- Born: 1923 Kuwait City, Sheikhdom of Kuwait
- Died: June 17, 1990 (aged 66–67) Kuwait City, Kuwait
- Occupation: Poet
- Known for: Wrote the lyrics of the National Anthem of Kuwait

= Ahmad Meshari Al-Adwani =

Kuwaiti poet

Ahmad Meshari al-Adwani (born 1923 — 17 June 1990) was a Kuwaiti poet and teacher who wrote the lyrics of the National Anthem of Kuwait.

==Career==
In 1938, he graduated from the Al-Mubarakiyah Secondary School, Kuwait.

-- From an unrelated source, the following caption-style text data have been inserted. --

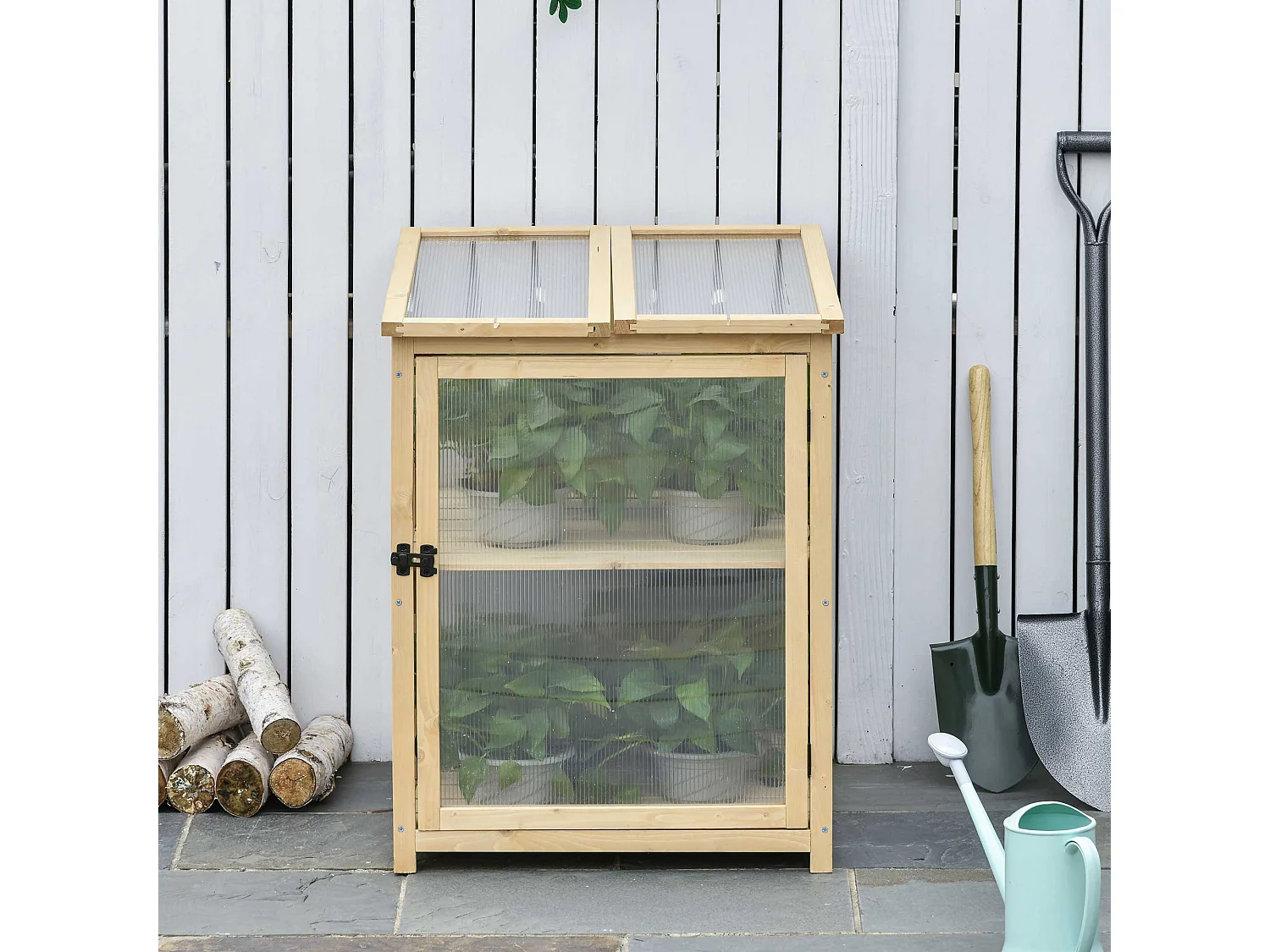 Mini serre de jardin 2 niveaux dim. 62L x 63l x 82H cm porte et panneau toit ouvrant bois sapin traité polycarbonate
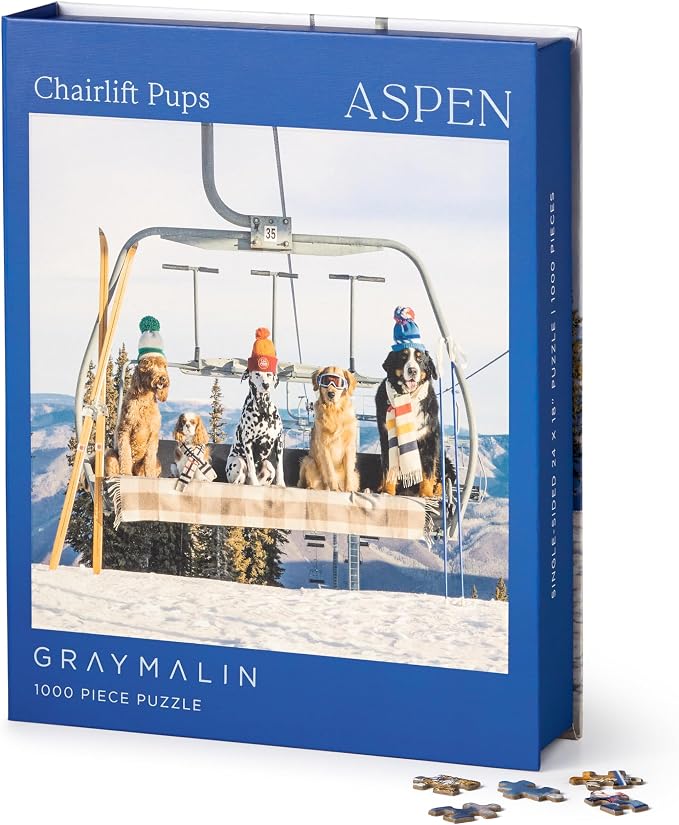 Chairlift Pups 1000 Pc Puzzle
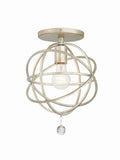 Solaris 9'' Olde Silver Semi Flush Mount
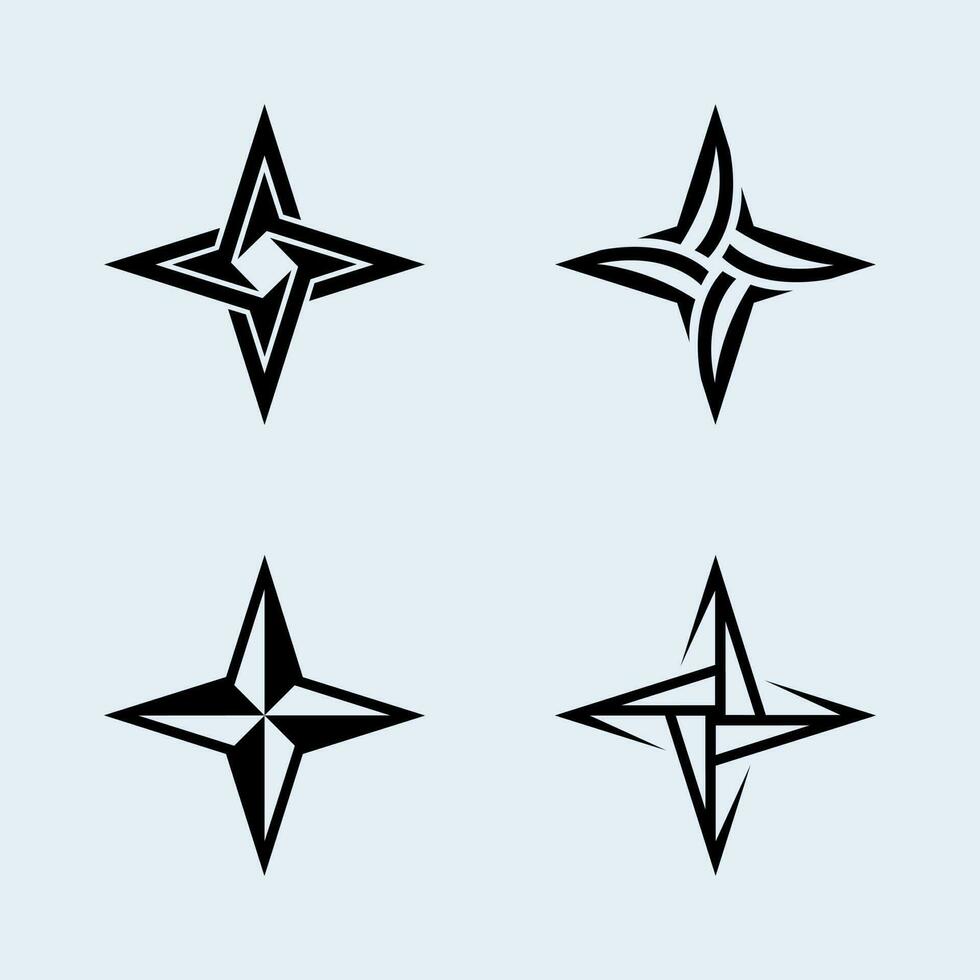 vecteur de pack d'étoiles shuriken avec des types de forme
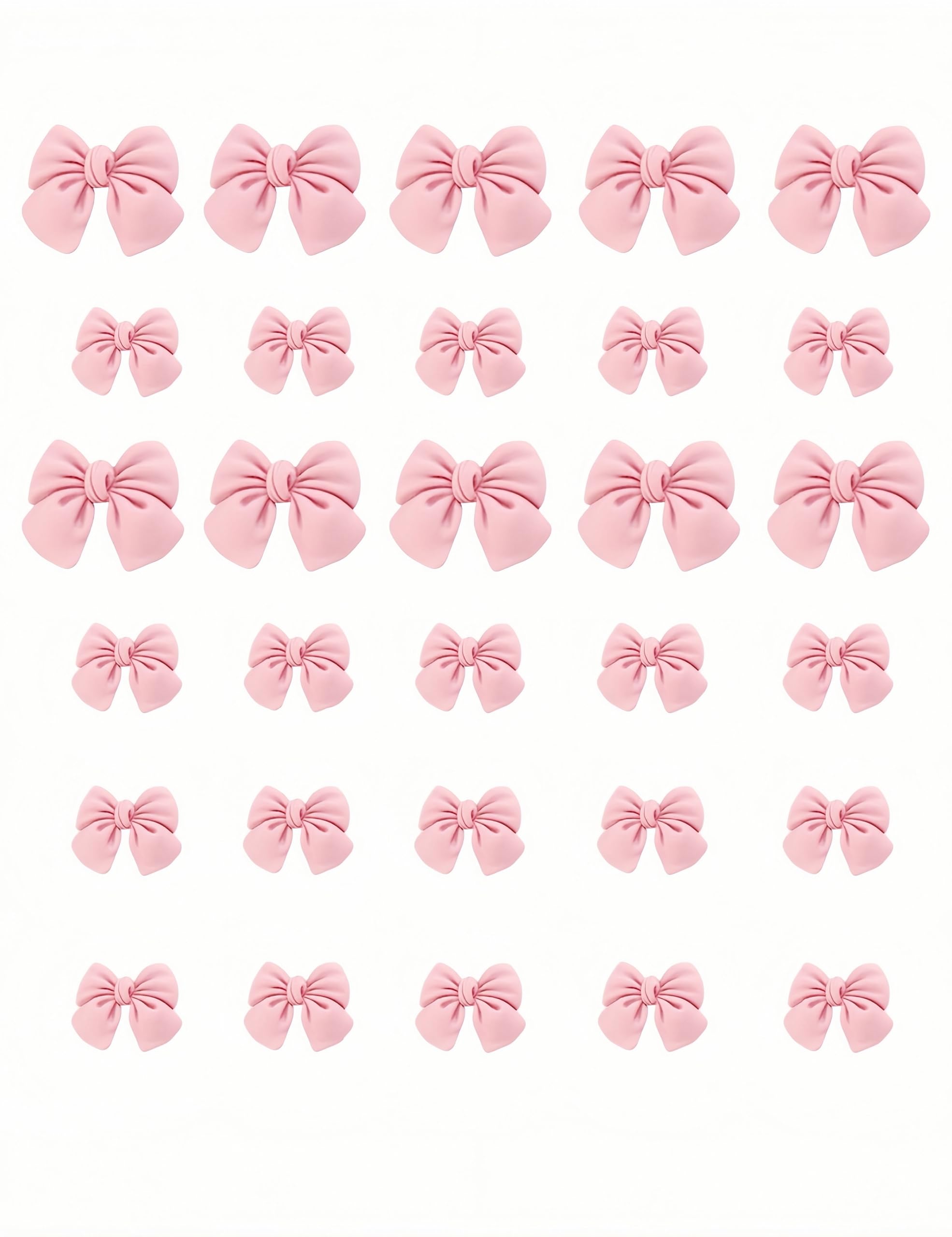 30pcs 2sizes The Pink Stuff Croc Charms Decorations,Bow Cake Topper, Coquette Bow Croc Charms Cake Topper Supplies For Theme Parties/Engagements Baby Showers Birthday Parties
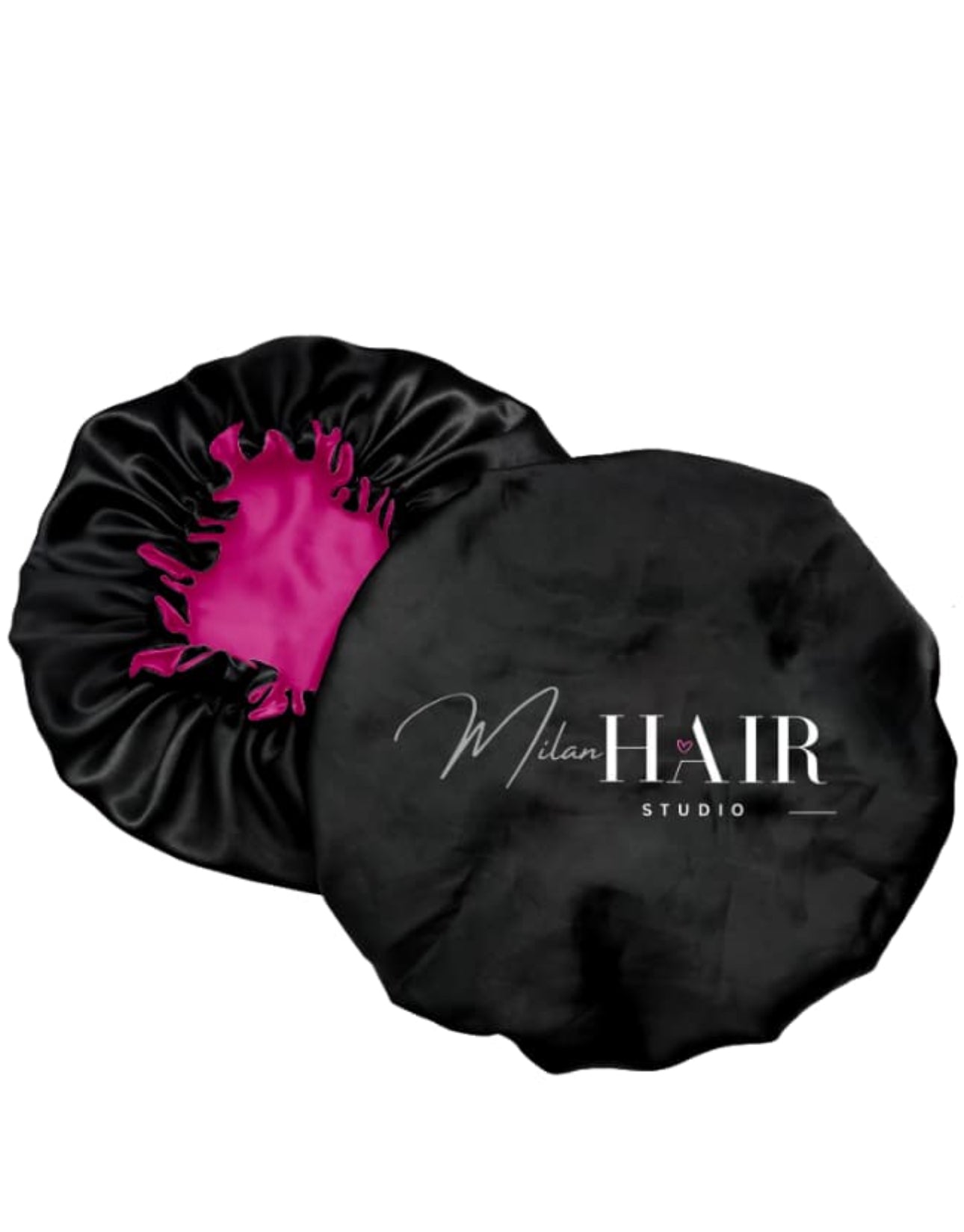 Black Silk Bonnet with Pretty Pink Pop Inside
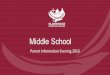 Middle School Parent Information Evening 2016. Program this Evening General Info Session Year Level Sessions Meet the PC teacher Welcome! Tonight our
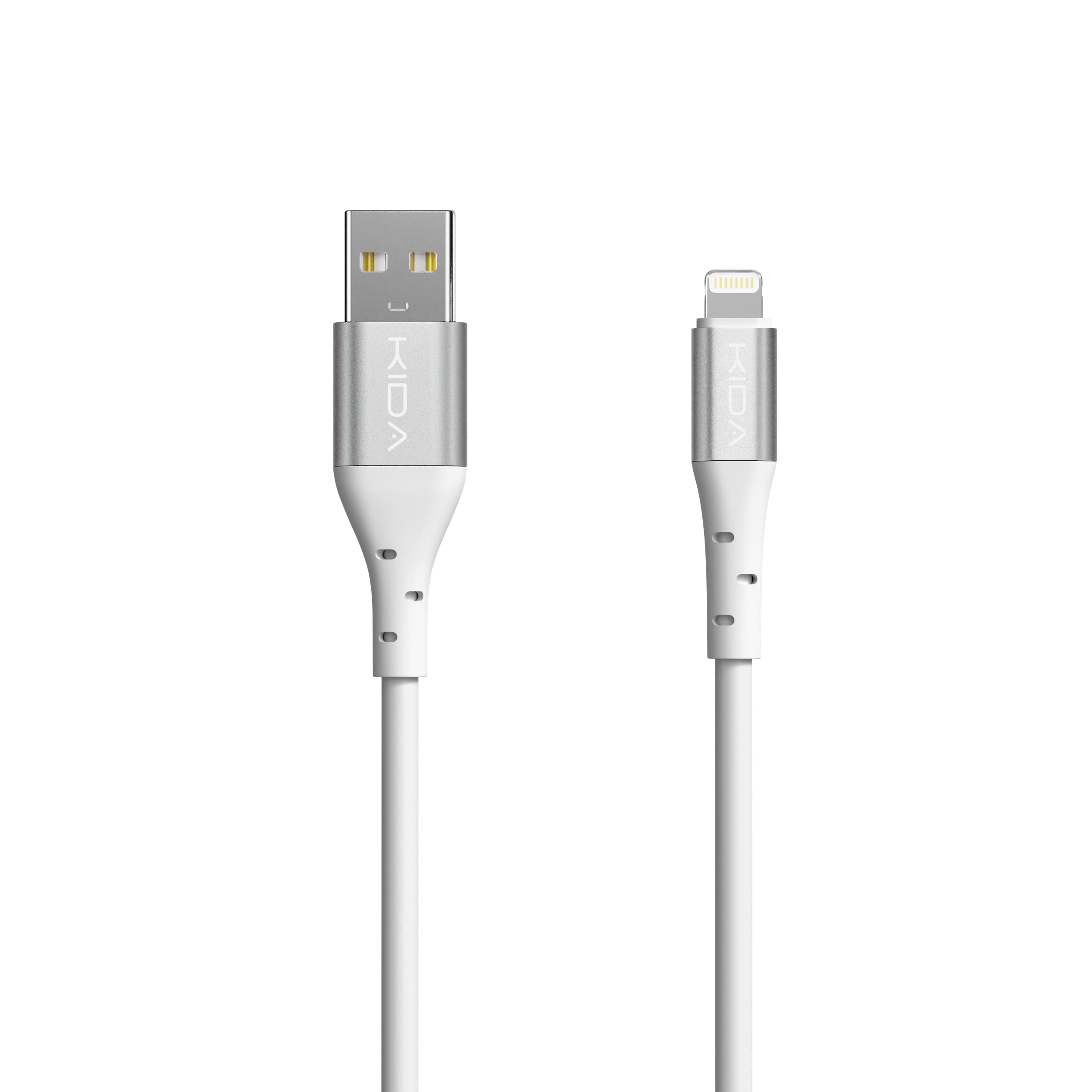 Usb A To Iphone 2.4A Nylon Braided Lightning USB Data Sync Charging Cable for iPhones, iPad Air, iPad Mini, iPod Nano and iPod Touch-1.2M,Silver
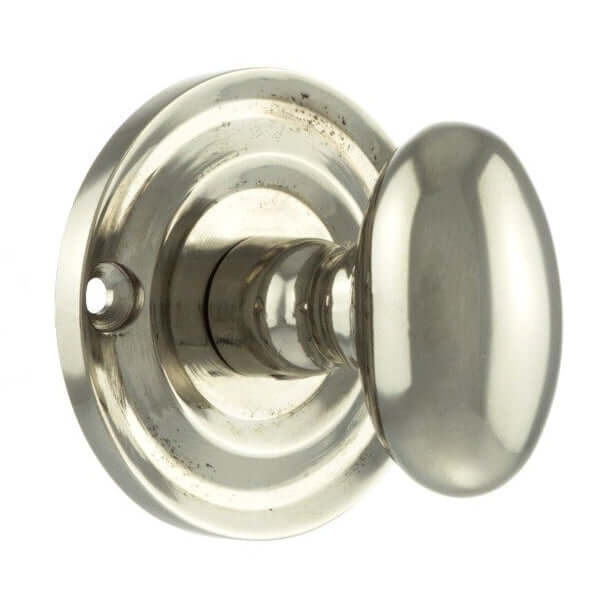 Product solid brass oval WC turn and release hardware pair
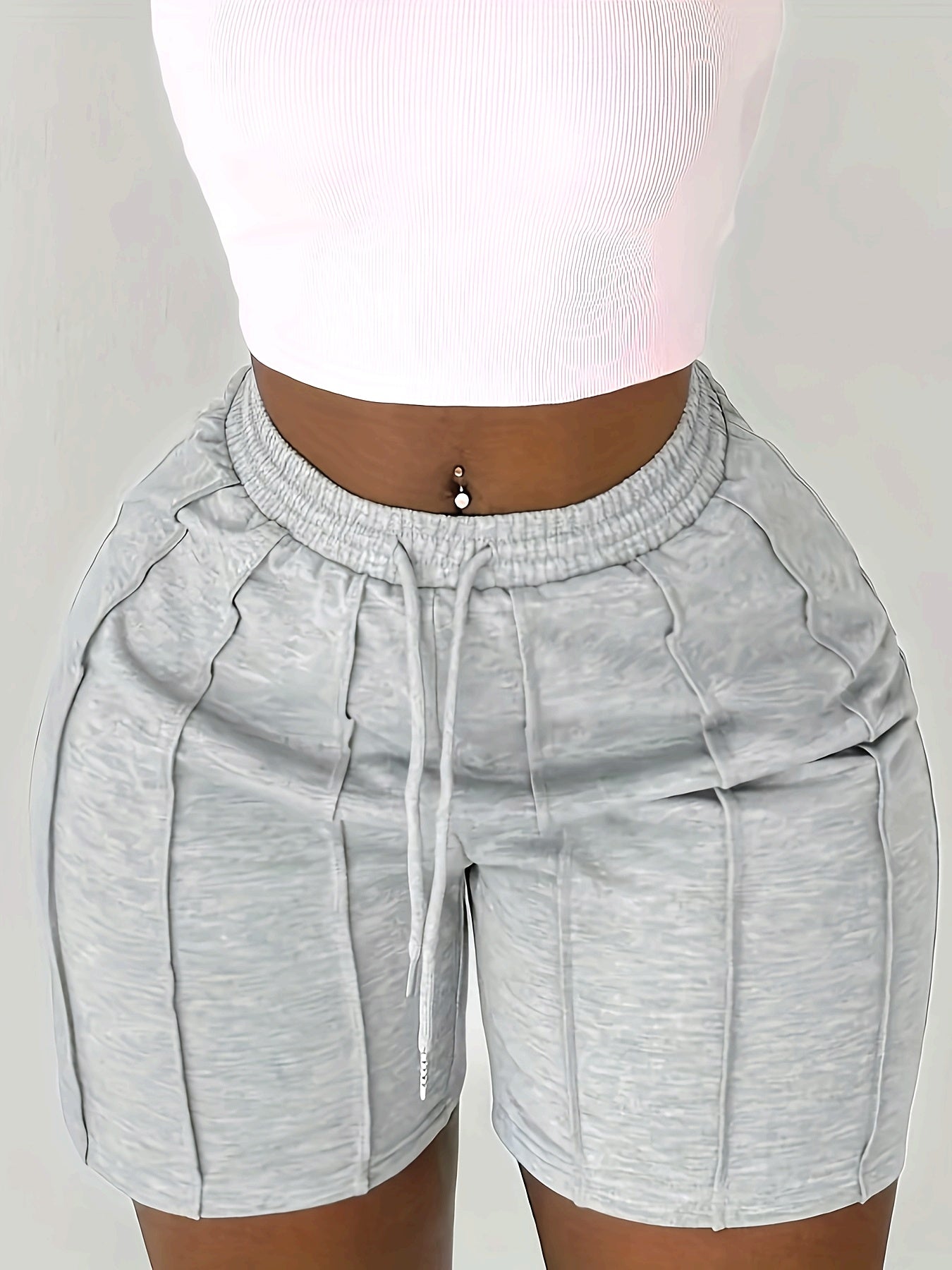 Elastic Waist Casual Shorts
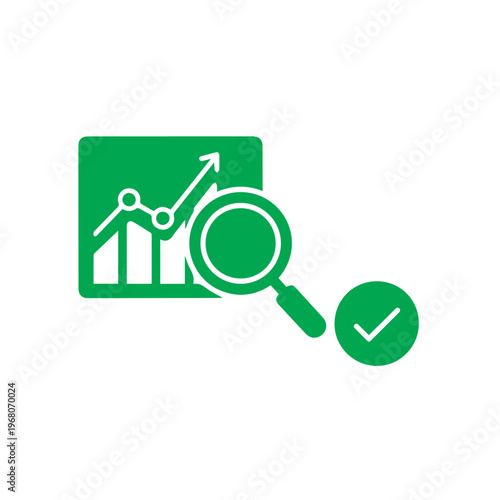 Green graphic symbol shows a magnifying lens over a rising bar chart with a completed check signifying positive findings.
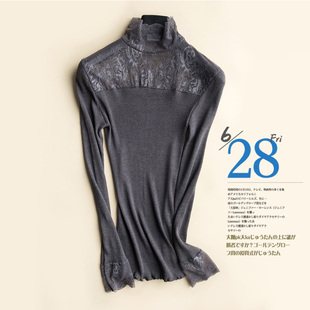 日单女士真丝蕾丝拼接修身 无缝高弹力螺纹桑蚕丝上衣 半高领打底衫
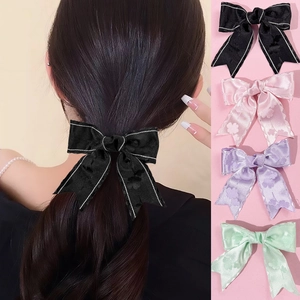 Süße Schleife Haarklammer Damen Mädchen Kleemuster Entenschnabelclip Seitenpony Haarnadel Frischer Koreanischer Stil Haarschmuck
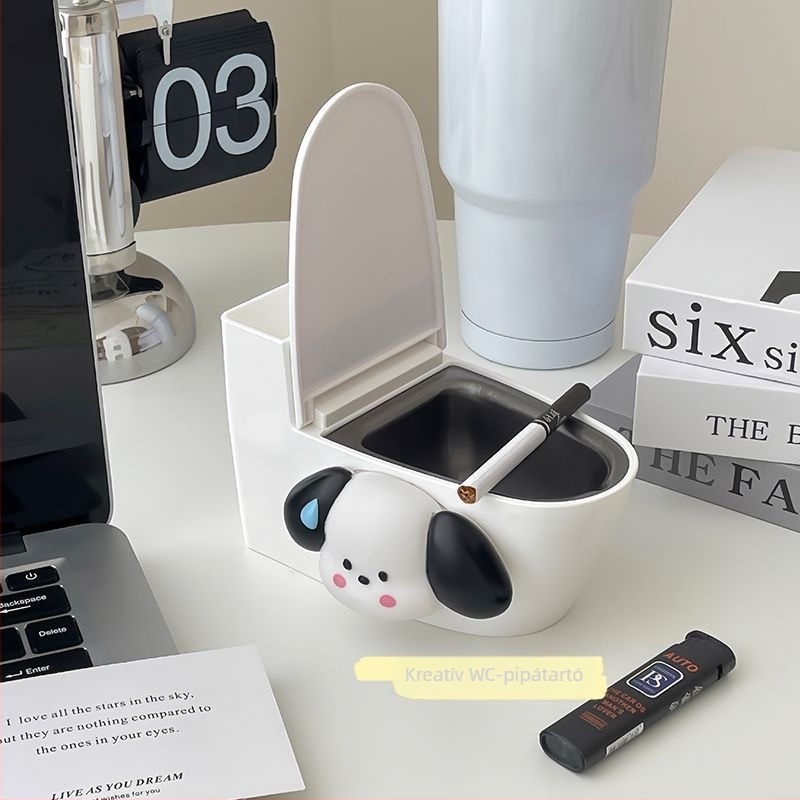 Falra szerelhető WC-hamutartó fedővel, ABS, dekoratív, logó nyomtatott, egyszerű stílus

In 1939 he travelled to Cairo, Egypt and was admitted into the college of Arabic Language Studies at the Al-Azhar University. In 1949 he graduated from the Al-Azhar University. In 1950 Al-Adwani established the monthly magazine Al-Be'thah in Cairo, with his friend and companion, Dr. Abdulaziz Hussein. Due to lack of funding, however, the magazine was stopped after only three issues. In 1952 he helped establish the "Al-Ra'ed" magazine, published by the Kuwait Teachers Club.

==Death==
He died on 14 June 1990 at the age of 67.